So sorry Holly  She was a beautiful girl and I can see from the pics how happy she was and how much she loved you all. RIP sweet girl.....


----------



## aus_staffy (Nov 10, 2009)

Sorry to read this, Holly. RIP Slim.


----------



## Carriana (May 13, 2008)

I am so sorry Holly! Too many great dogs lost in the last while. 

That picture of Slim running goofily down the road is my favorite. Always brought a smile to my face. 

R.I.P Slim


----------



## EL CUCO (Jul 25, 2011)

very sad...R.I.P Slim


----------



## MY MIKADO (Apr 7, 2006)

The first thing I thought was poor Fish. I love all those pictures you have posted in the past with Fish and Slim. I am soooo sorry Holly I wish you could feel this internet hug I am sending you. 

R.I.P. dear Slim you maybe gone from this world but you forever be in our hearts.


----------



## bahamutt99 (May 14, 2008)

Sorry for your loss, Holly.


----------



## pitbullmamanatl (Jun 1, 2010)

Rip Slim. So sorry, Holly!!!!


----------



## Aireal (Jul 2, 2010)

holly i am sooo sorry for your loss, rip slim


----------



## Jill (Aug 1, 2011)

I know I'm a stranger to you so my words may seem like platitudes but I am sincerely sorry that you had to lose Slim so early in her life. If it is some small comfort, when I look at those photos I see a really happy dog living an incredibly full life full of love ~ just look at her tearing up the road with abandon, snuggling with her buddies in the barn, those open fields for her to run in and mostly look at the loving bond with her favourite little red-head, just look at those two! She was beautiful and you obviously gave her a life full of love and happiness. My heart goes out to you and yours.


----------



## Black Rabbit (Nov 14, 2009)

Holly I know your sad but you did all you could for her. You gave her a wonderful life full of love. I know it's hard to watch them go at a young age but it was not your fault and there was nothing that could have prevented her problems. Give the girls a hug for me k, love you Holly please let me know if you guys need anything k.


----------



## r0ckah0l1c (Jan 18, 2011)

I'm sorry for your loss :'( I don't think anybody would ever consider you to be a bad owner.
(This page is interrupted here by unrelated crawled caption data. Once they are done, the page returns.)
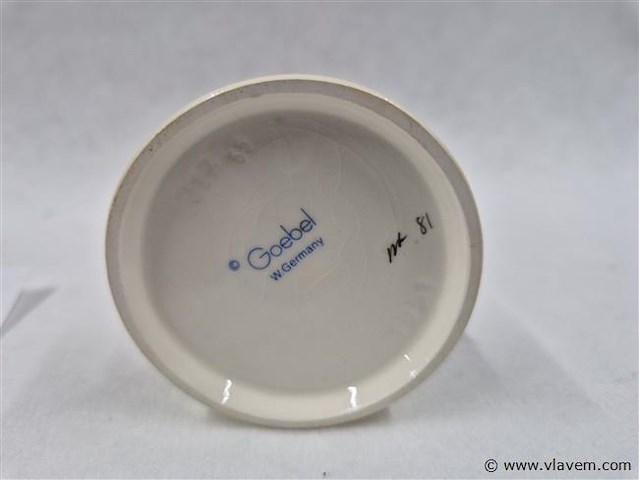 Boy with toothache - afbeelding 3 van  3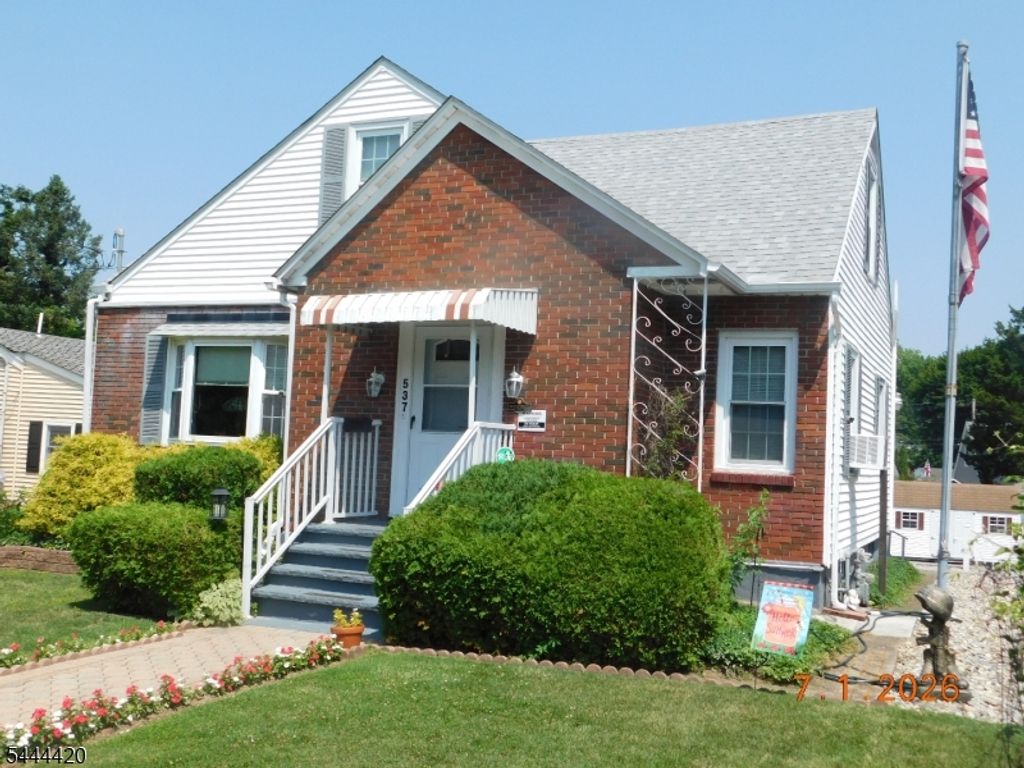 537 John Mitchell Ave, Phillipsburg Town, NJ 08865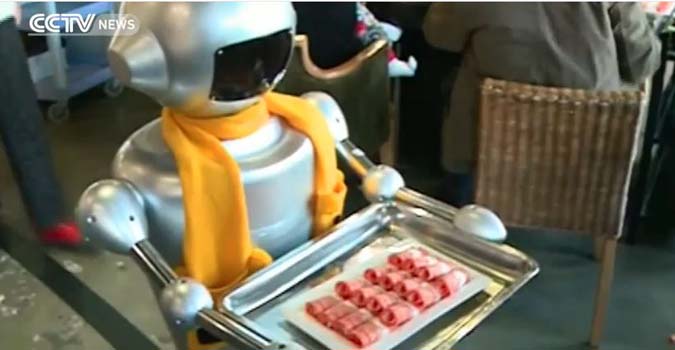 Un robot serveur qui apporte des plats aux clients d&rsquo;un restaurant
It doesn't matter the age Slim passed... it matters the quality of life she had while she was alive. You did an exceptional job raising her as you have done with all of your dogs. Just remember all dogs go to heaven... you will meet with her again on the other side.


----------



## duckyp0o77 (Dec 5, 2008)

crazy how a post like this from a thousand miles away & someone you've never met before can touch you like this... RIP =(


----------



## American_Pit13 (Apr 23, 2007)

Thank you all. I love how this forum is when someone losses a pet. Whether I know you or I don't know you all of your words have meaning.


----------



## Black Rabbit (Nov 14, 2009)

(hugs) you can always give me a call if you need to talk. My phone is on Ryan's Parent's company plan and it's an Oroville # so it's a local call


----------



## dixieland (Aug 14, 2009)

RIP Slim.I'm so sorry to hear this Holly.Don't for one second think you did this girl wrong in any way.You and your family loved her dearly and I'm sure that's all she wanted and needed.


----------